Goal of the exercise: The range runs from the line containing "Preview for 2" through the last line of the material below; retype it exactly, leaving out the pictures.

Data excerpt:
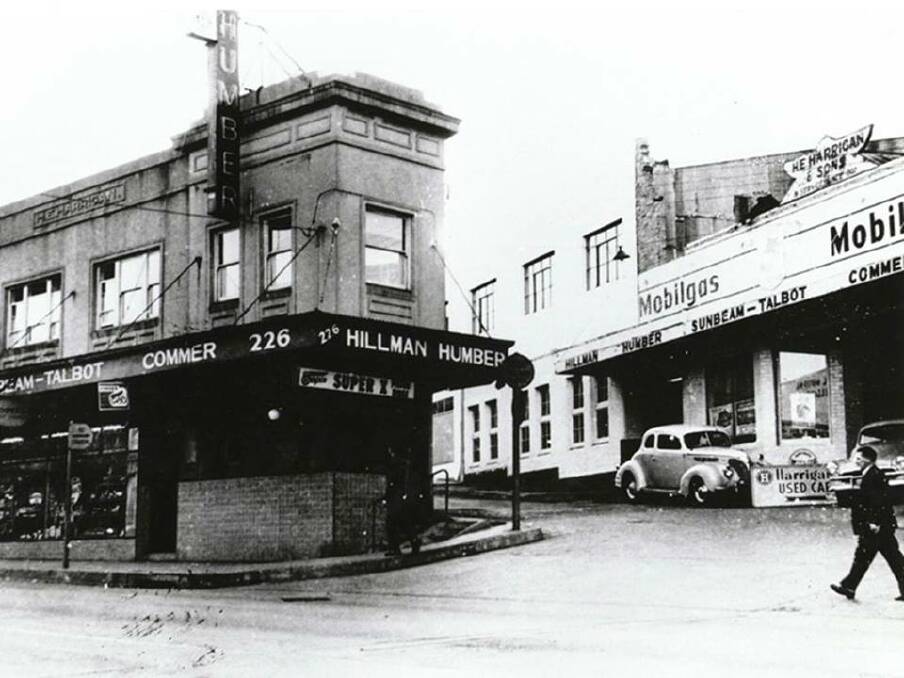 The Hillman Humber car dealership at 226 Crown Street in the 1930s. Picture: FACEBOOK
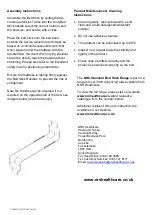 Preview for 2 page of NRS Healthcare M54234 User Instructions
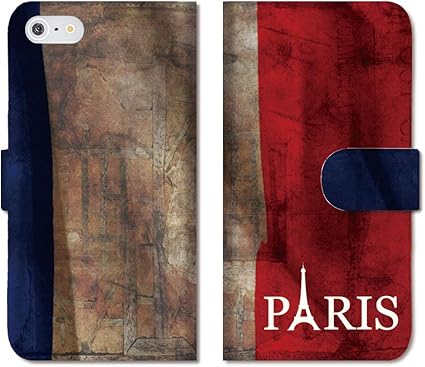 Amazon Chatte Noir Iphone12mini 手帳型 Puレザー Iphone 12ミニ ケース 手帳型 おしゃれ 国旗 フランス パリ エッフェル塔 フラッグ 旗 国 ヴィンテージ A 手帳ケース ケース カバー 通販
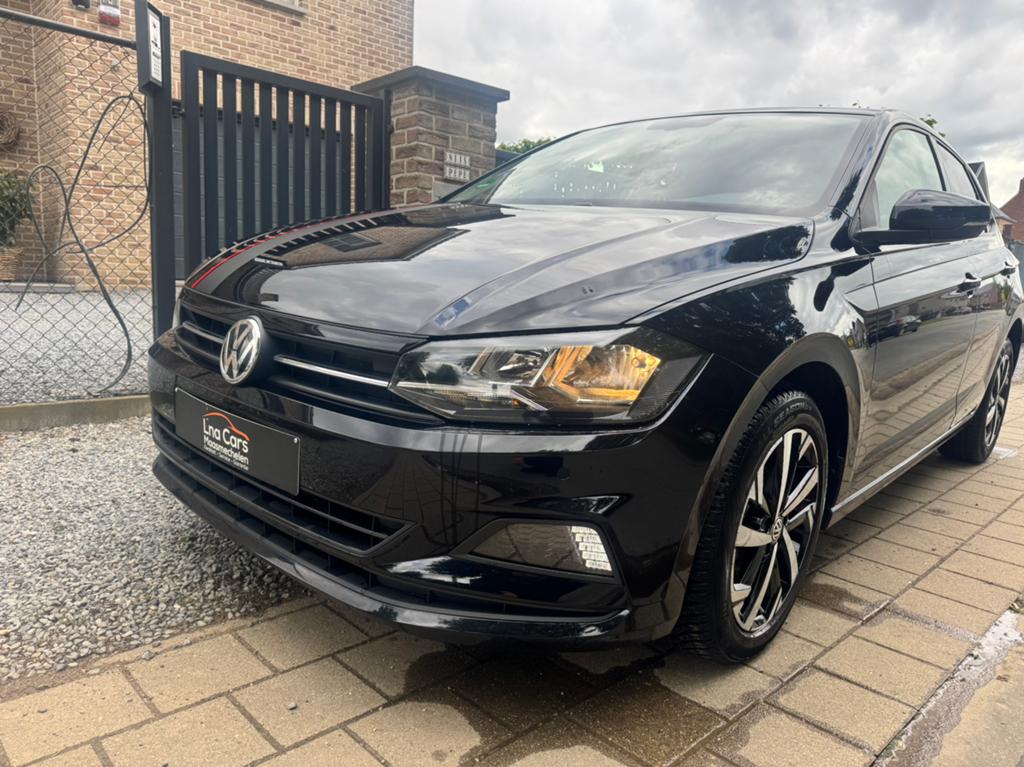 VW Polo 1.0 benzine 2020 Goal edition 55.000 km met GARANTIE, Auto's, Stof, Zwart, 5 deurs, 999 cc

Written solution:
 Preview for 2 page of NRS Healthcare M54234 User Instructions
 Amazon Chatte Noir Iphone12mini 手帳型 Puレザー Iphone 12ミニ ケース 手帳型 おしゃれ 国旗 フランス パリ エッフェル塔 フラッグ 旗 国 ヴィンテージ A 手帳ケース ケース カバー 通販
 VW Polo 1.0 benzine 2020 Goal edition 55.000 km met GARANTIE, Auto's, Stof, Zwart, 5 deurs, 999 cc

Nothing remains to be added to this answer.